A court in Iran on Tuesday jailed French national Benjamin Briere for eight years after it found him guilty of espionage.

Lawyers for the 36-year-old say the process was flawed and the charges were politically motivated.

Why was Briere put on trial?

Briere, a tourist who had been traveling around Iran, was arrested in May 2020 after flying a helicam — a remote minihelicopter that can capture motion images or snapshots — in the desert near Iran's border with Turkmenistan.

In addition to his sentence on spying charges, he was also sentenced to eight months in prison for "propaganda" against Iran's Islamic system.

Briere's Paris-based lawyer, Philippe Valent, denounced the trial as a "masquerade."

"This verdict is the result of a purely political process that is ... devoid of any basis," Valent said.

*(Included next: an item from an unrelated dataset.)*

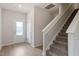 Inviting entryway featuring wood-look floors, a stairway, and natural light from the front door at 815 Rhino Bnd, Oxford, NC 27565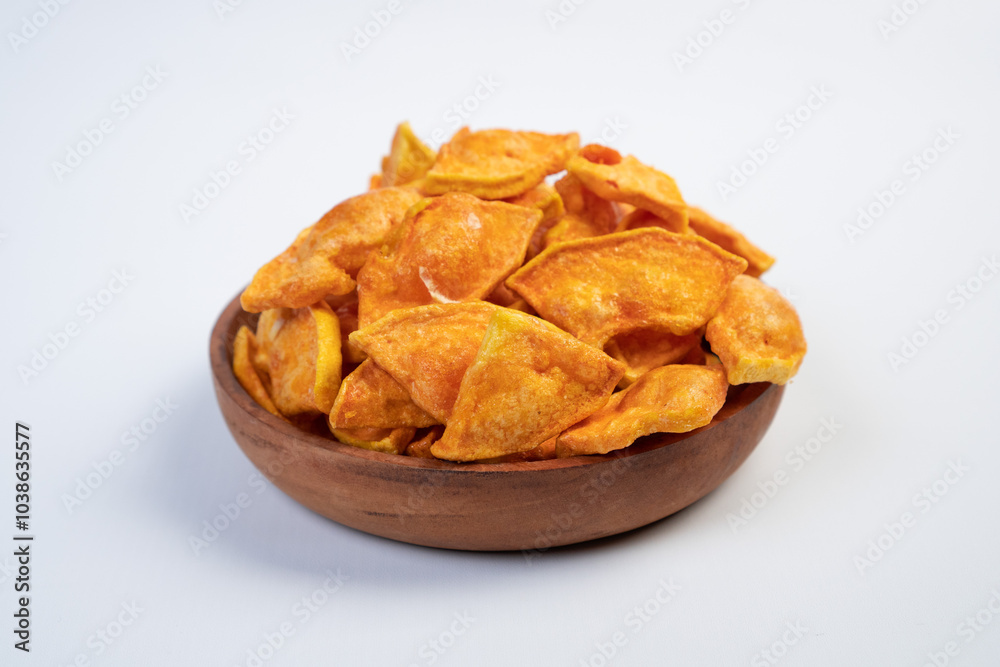 A bowl of fried food with a lot of pieces in it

The lawyer added that Briere "did not have a fair trial in front of impartial judges," noting that he had not been allowed to see the indictment against him in full.

One of his Iranian lawyers, Saeid Denghan, told Reuters news agency that Briere is "shocked" by the sentence and that he intends to appeal the verdict within 20 days.

Briere is among more than a dozen Western citizens held In Iran. Activists, who describe them as hostages, claim they are detained at the behest of the powerful Revolutionary Guards to extract concessions from the West.

Background of nuclear talks

The trial comes as the United States and parties to Iran's 2015 nuclear deal seek to revive the pact after US President Donald Trump withdrew his country from the agreement in 2018.

Among those being held are nationals from all three European powers involved in the talks on Tehran's nuclear program: Britain, France and Germany.

Iran: Low expectations on nuclear talks

They include a British-Iranian worker for the Thomson Reuters Foundation, Nazanin Zaghari-Ratcliffe, who has been held in Iran on strongly contested spying charges.

Zaghari-Ratcliffe's family links her imprisonment to a $530 million (€470 million) debt dispute between Tehran and London over a shipment of Chieftain tanks that was never delivered.